G20 debt relief for poor countries to have more strength to fight COVID-19

According to G20 ministers, this will be the last extension, enabling poor countries to mobilize more resources to focus on responding to the challenges of the crisis.

On April 7, the Ministers of Finance and the central bank governors of the group of the world’s leading developed and emerging economies (G20) agreed to postpone interest payment on public debt with other countries. the world’s poorest family, which are in danger of falling behind when the global economy recovers from the COVID-19 pandemic.

In a joint statement after their same-day online meeting, the G20 ministers pledged to continue to push ahead with efforts to assist vulnerable countries.

The notice has a paragraph stating that the parties agree to continue extending the debt rescheduling program for poor countries until December. This program will be applied in April 2020 and the first extension in October 2020, until the end of the year. June 30th.

According to G20 ministers, this will be the final extension, enabling poor countries to mobilize additional resources to focus on responding to the challenges of the crisis and, when appropriate, move on to a more organized approach to solving public debt problems.

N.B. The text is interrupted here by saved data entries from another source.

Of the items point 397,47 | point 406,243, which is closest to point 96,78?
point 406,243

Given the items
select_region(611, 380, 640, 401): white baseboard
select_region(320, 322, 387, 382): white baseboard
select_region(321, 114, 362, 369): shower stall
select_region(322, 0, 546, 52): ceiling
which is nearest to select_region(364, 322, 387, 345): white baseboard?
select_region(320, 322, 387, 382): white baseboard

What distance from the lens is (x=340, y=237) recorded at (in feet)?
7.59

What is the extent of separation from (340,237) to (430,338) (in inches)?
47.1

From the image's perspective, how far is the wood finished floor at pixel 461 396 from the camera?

In addition, the G20 also supports the plan of the International Monetary Fund (IMF) to increase reserves to help poor countries and commit to reach an agreement on global tax reform by mid-2021.

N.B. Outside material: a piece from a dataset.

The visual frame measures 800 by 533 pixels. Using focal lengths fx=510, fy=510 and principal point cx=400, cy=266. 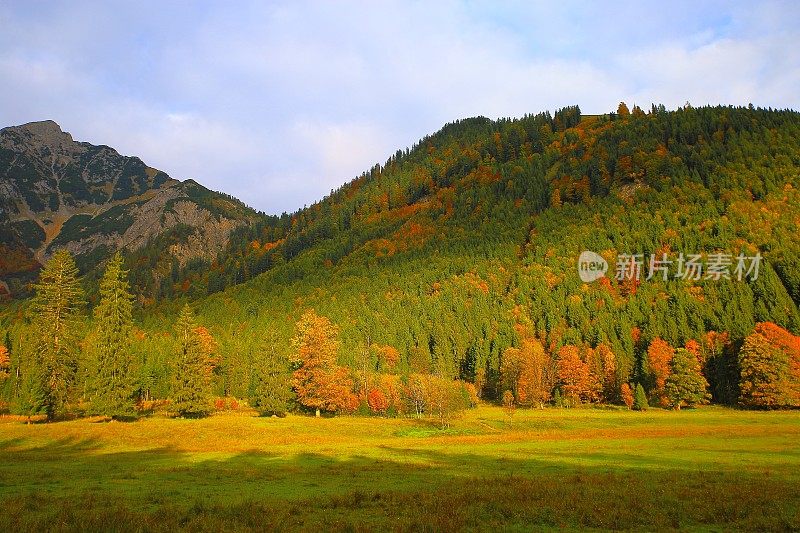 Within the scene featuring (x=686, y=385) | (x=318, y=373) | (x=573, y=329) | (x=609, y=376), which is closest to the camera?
(x=318, y=373)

President of the World Bank (WB) David Malpass welcomed the results of the meeting above. However, he also urged G20 countries to clarify action plans to support the implementation of debt rescheduling programs such as announcing the terms of financial contracts and encouraging private creditors to participate. this program.

Up to now, the debt rescheduling program for poor countries is not considered to be effective. Only 46 (out of 73 eligible countries) have requested and approved to delay repayment of a debt totaling about $ 5.7 billion, official figures show.

On the same day, Mexico and Argentina also called on international creditors to stretch their debt to middle-income countries, where many people are being pushed into extreme poverty by the effects of the COVID-19 pandemic.

In a joint statement, Mexico and Argentina – two members of the G20, said that countries in the middle income group are being forgotten, even though they are the group that accounts for 75% of the world’s population and 62% of these are living. at the poverty level.

Middle-income countries also have access to financial markets but do not enjoy low-interest loans.

Mexico and Argentina called for middle-income countries to be included in the group to benefit from the IMF’s $ 650 billion special assistance scheme.

They also propose to create an international fund to support debt restructuring for middle-income countries, helping to prevent health and financial crises from turning into debt crises in the medium term.

World Bank estimates cite the COVID-19 epidemic that will increase the number of extremely poor people in the world by about 120 million by 2020, mostly in middle-income countries.